Os arcos de personagem em El Dorado

Vamos falar agora sobre o que realmente faz o público se conectar com os protagonistas: o arco de transformação.

  • Tulio começa o filme como um golpista racional, sempre planejando cada passo. Sua vida é fugir com dinheiro, sem se apegar a nada nem ninguém. Mas ao longo do filme, especialmente vendo Miguel se entregar à cultura local, Tulio começa a se importar — com as pessoas, com Chel, com a cidade. No fim, ele abre mão do ouro e do seu plano de fuga para salvar o amigo. Essa escolha define sua mudança.
  • Miguel, por outro lado, é um idealista que quer viver aventuras e experiências novas. Mas com o tempo, ele percebe que precisa sacrificar seus sonhos pessoais pelo bem comum. Quando a cidade precisa de ajuda, ele desiste de ser um deus e volta para o mundo real, completando um arco de amadurecimento.
  • Chel também passa por um arco mais sutil: de uma oportunista espertinha para uma parceira de verdade. Ela se aproxima de Tulio como uma forma de escapar e ganhar vantagem, mas termina o filme escolhendo ficar ao lado dele, mesmo sem El Dorado.
  • Tzekel-Kan? Zero transformação. E é justamente isso que reforça o papel dele como antagonista. Como vimos também em Pretty Woman, vilões fixos são úteis porque mostram ao protagonista o que acontece com quem não muda. O advogado babaca daquele filme não tem arco — e é por isso que Edward decide seguir outro caminho.

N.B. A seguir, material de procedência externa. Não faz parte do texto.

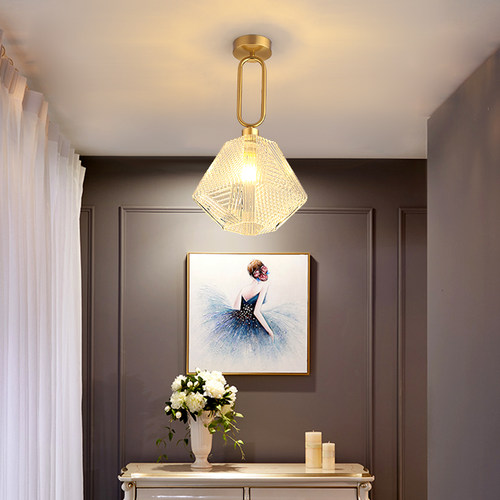 过道灯走廊灯玄关灯入户门厅灯阳台吸顶灯吧台吊灯衣帽间轻奢水晶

Em narrativa, o vilão sem transformação é o espelho congelado. Ele mostra o que o herói poderia ser, caso não aprendesse nada.


Personagens que mudam, vilões que não

O Caminho para El Dorado pode parecer só uma animação divertida, mas é uma baita referência pra quem quer aprender sobre construção de personagens, design de elenco e o papel do vilão na narrativa.

Personagens bons mudam. Vilões bons não.

E a gente, roteirista, aprende observando isso. Então, da próxima vez que for assistir a um filme, já sabe: assista com o olho de quem escreve. Porque cada cena é uma lição — e toda boa história começa com um bom conflito.

Nos vemos no próximo “Assistindo ao Roteiro”! Aqui, é roteiro na real.